The difference: no arched top on the classical case. It's a smaller surface area though, so the top is probably sturdier than a regular dreadnaught case. The other difference, a smaller guitar, which I prefer to play, for comfort reasons related to tendinitis.
The problem: the parlor is obviously going to be more fragile so possible damage could result from being banged around, and it is more rare, harder to replace etc. It is not extraordinarily valuable at all, just a nice old guitar fixed up by Todd.
I'm flying on Northwest: Montreal - Minneapolis - Seattle.
I recently purchased a Kalamazoo KG-11 guitar in the US of A and was able to bring it back to Canada via the overhead bins, on Delta. If you bring your parlor, you should easily be able to fit it in the overhead storage and not have to worry about the baggage-handling savages.
And it's easier on your hands?
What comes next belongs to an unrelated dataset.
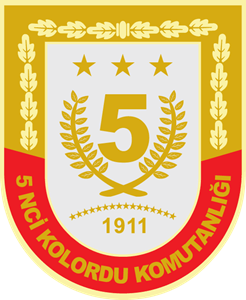 5'NCİ KOLORDU KOMUTANLIĞI Logo PNG Vector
A no-brainer decision.
Parlor it is, then. Thanks for the reassurance fellas.
Alex, it is in a classical sized case, so not at all sure I'd be allowed to carry it on. I work from an assumption that I won't. I have never been able to before.
A phone call to NWA might be in order. In April I did Newark-Seattle--Newark on Continental. On one of the flights a fellow had a smaller guitar in a hard-shell case that he was able to put in the overhead bin. I was seated in the back, so we boarded first (after first class), so that might help. Some airlines also use to have "special handling" available--I used it back in 1997 with Continental, but its NWA this month that you need to know about. I assume that you will change planes in the Twin Cities, which may add an extra step or two.In any event, may you and your guitar have a safe journey.
Thanks Stu. Yes, I usually do the special handling routine. It seems to be fine, although for tight connecting flights it can get a little hairy waiting for it if you have to pick it up to clear customs.
To my recollection, you've had pretty large guitar cases. A classical case ought to fit overhead.
On NWA, United, SW, Alaska and whoever else, I've always been able to get my L-Jr onboard and into an upper bin. Maybe they take pity on the old case (41 x 16 x 6), but it's little more scuffed than when I rescued it from Jacques Mazzoleni some dozen yrs ago.
When I came to PT 2 years ago I had an anxiety attack when the sstewardess took my L0, in a padded hard case, out of my hands at the gate, to put in with baggage. You might get the guitar up to the gate, and then have to hand it over. I'm bringing the LG this year.
Wrong thread, perhaps, and a little late to be asking, but what's the best approach for airline checking a guitar these days? Last time I flew to PT was before 9/11 (I think), and back then I would put my axe in its hardshell case (padding behind the headstock to prevent breakage there), then put the whole thing in a guitar shipping box with bubble wrap between the box and the hardshell.
These days I understand that everything checked needs to be open-able for security inspection, so I don't think the outer box is practical. Do I have to just put the guitar in the hardshell, leave it unlocked, and hope for the best? Yikes!
FYI, I'm bringing a newer National, with its not-great original case.
I wrap a bungy chord around the waiste of my case - it offers some back in case the latches come undone and it is easy for security to unbungy, open, re-bungy.